*** RAW DATA ***

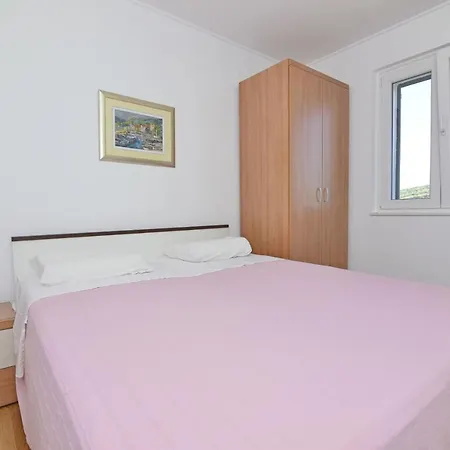 Holiday home Rural Zaja With Outdoor Pool, Near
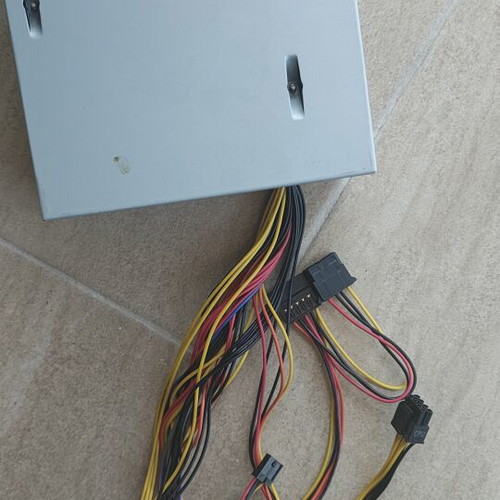 Thermal Master 500W power supply used, ATX12V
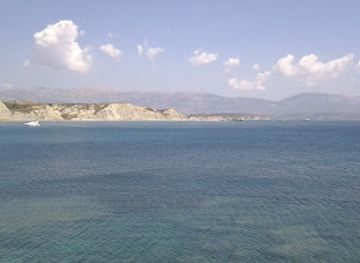 greece/kefalonia/attraction/kounopetra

*** End of RAW DATA ***

Restate all of the material word for word. Keep out every picture.

 Holiday home Rural Zaja With Outdoor Pool, Near
 Thermal Master 500W power supply used, ATX12V
 greece/kefalonia/attraction/kounopetra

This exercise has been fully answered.